Kur'ân insanın tabiat ile olan ilişkileri hususunu belirli bir merhalede tekit etmekle kalmıyor, yeryüzünün imarı ve medenileştirilmesi hususunda Allah'ın yeryüzündeki halifeliğinin gereği ve bu görevin yerine getirilmesinde ve çeşitli uygulamalarda harcamaya toplum ve bütün beşeriyet ile olan ilişkilerinde insanı en cevval bir şekilde harekete geçip bütün gücünü kullanmaya davet etmektedir. Bu da ancak yerlerin ve göklerin derinliklerine ve sırlarına vakıf olabilmek için derin ve ileriyi gören bir görüş açısının oluşmasıyla gerçekleşebilir.

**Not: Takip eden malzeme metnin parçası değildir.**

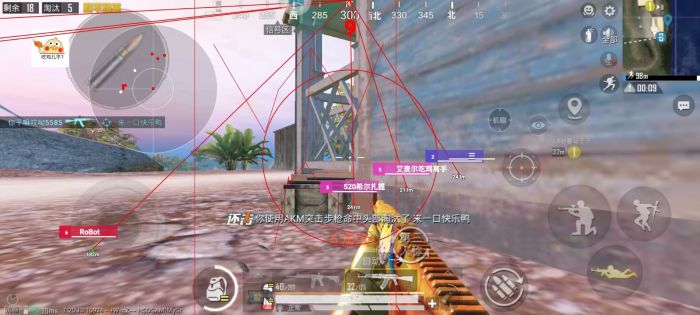 和平精英雪糕辅助怎么开（和平精英辅助器怎么调节）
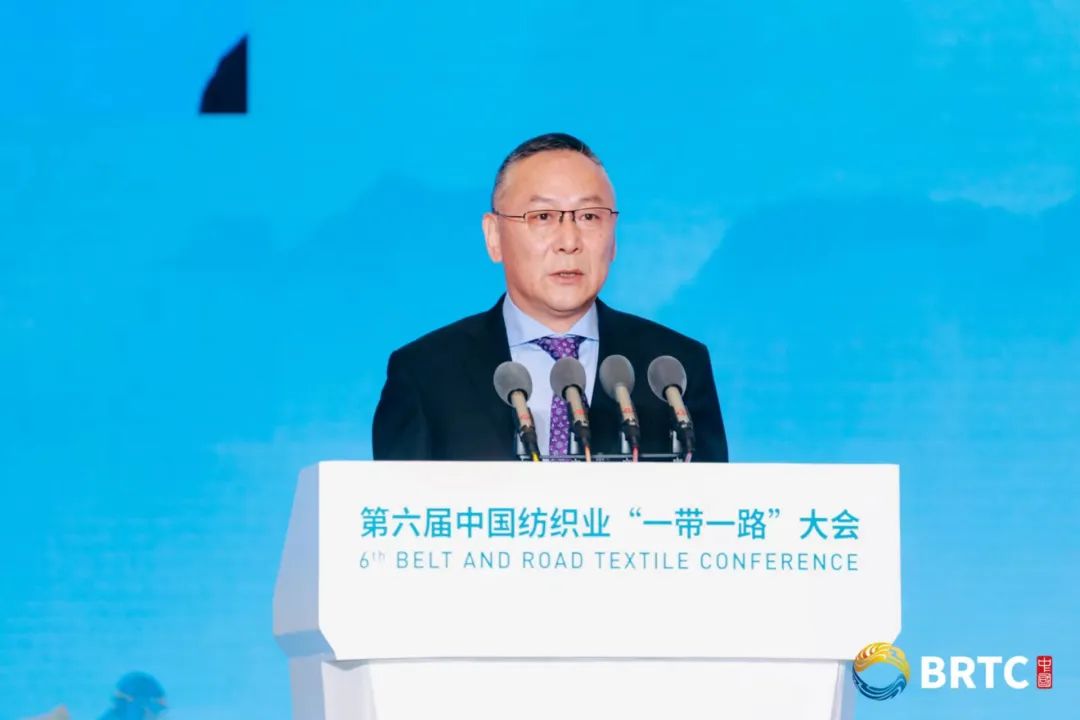 共創(chuàng)全球紡織合作新未來!第六屆中國(guó)紡織業(yè)“一帶一路”大會(huì)成功召開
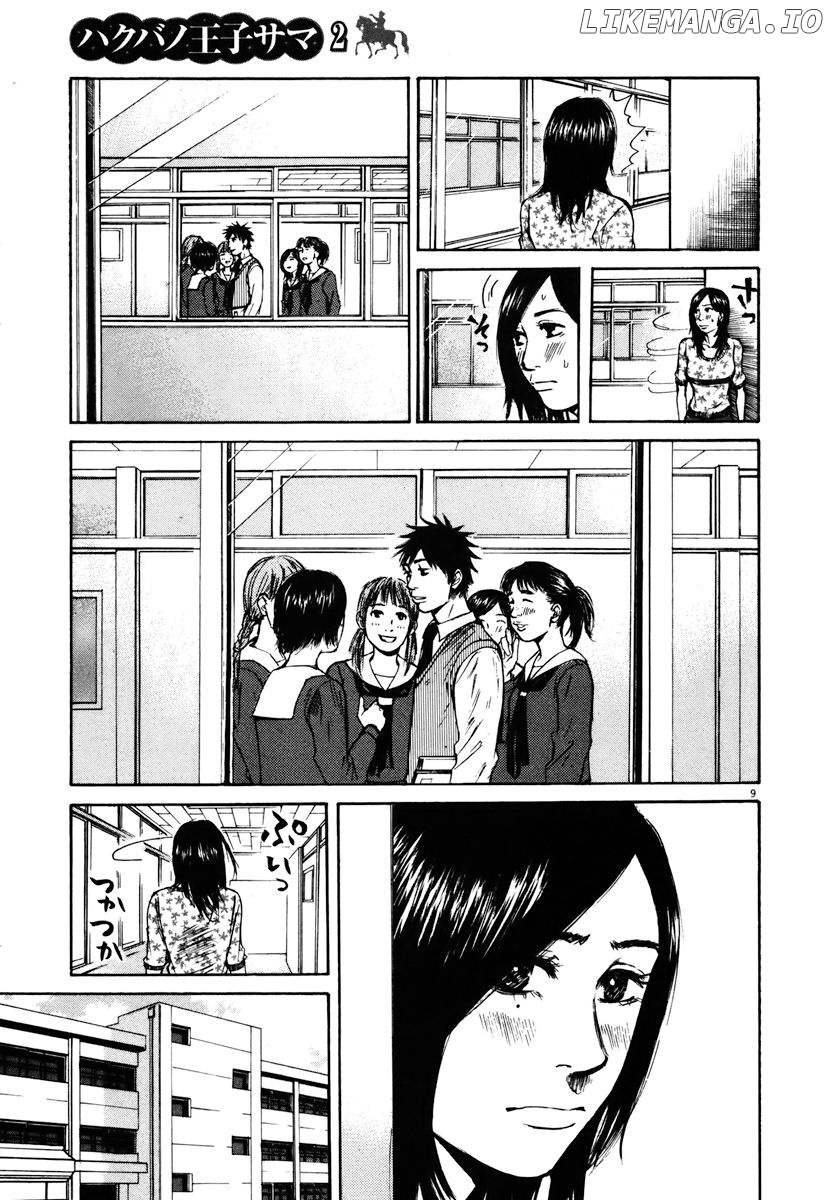 Hakuba No Oujisama chapter 15 - page 9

İnsanoğlu kâinatın kanunlarına gizli sırlarına, bilinmeyen taraflarına vakıf olup tabiatın her yönüyle ilgili olan bilgileri elde ederek onun medeniyetin oluşmasında rahatlıkla kullanabilmesi için sürekli bir gayretle ilmî deneyimlerin metotlarını en iyi bir şekilde ve bilimsel verilere uygun olarak kullanması gerekmektedir ki ancak bu üstün gayret ve çalışmalarla kâinatın kanun ve sırlarına hâkim olup onları insanlık yararına kullanabilir. Öncelikle de Cenab-ı Allah'ın o sonsuz yaratma gücüne en derin ve köklü bir iman ile iman ederek başlamak gerekmektedir. İşte yukarıda dediğimiz gibi böyle bir iman ile işe koyulup kâinatın içinde mevcut olan her şeyi yeryüzünün imarı ve insanoğlunun yerküresinde sürdüğü hayatının daha tekamül ettirilerek en üst seviyelerde yaşamasını sağlayacak şekilde güç ve gayretini kullandığında yeryüzündeki halifelik görevini gerçekleştirmiş olacaktır.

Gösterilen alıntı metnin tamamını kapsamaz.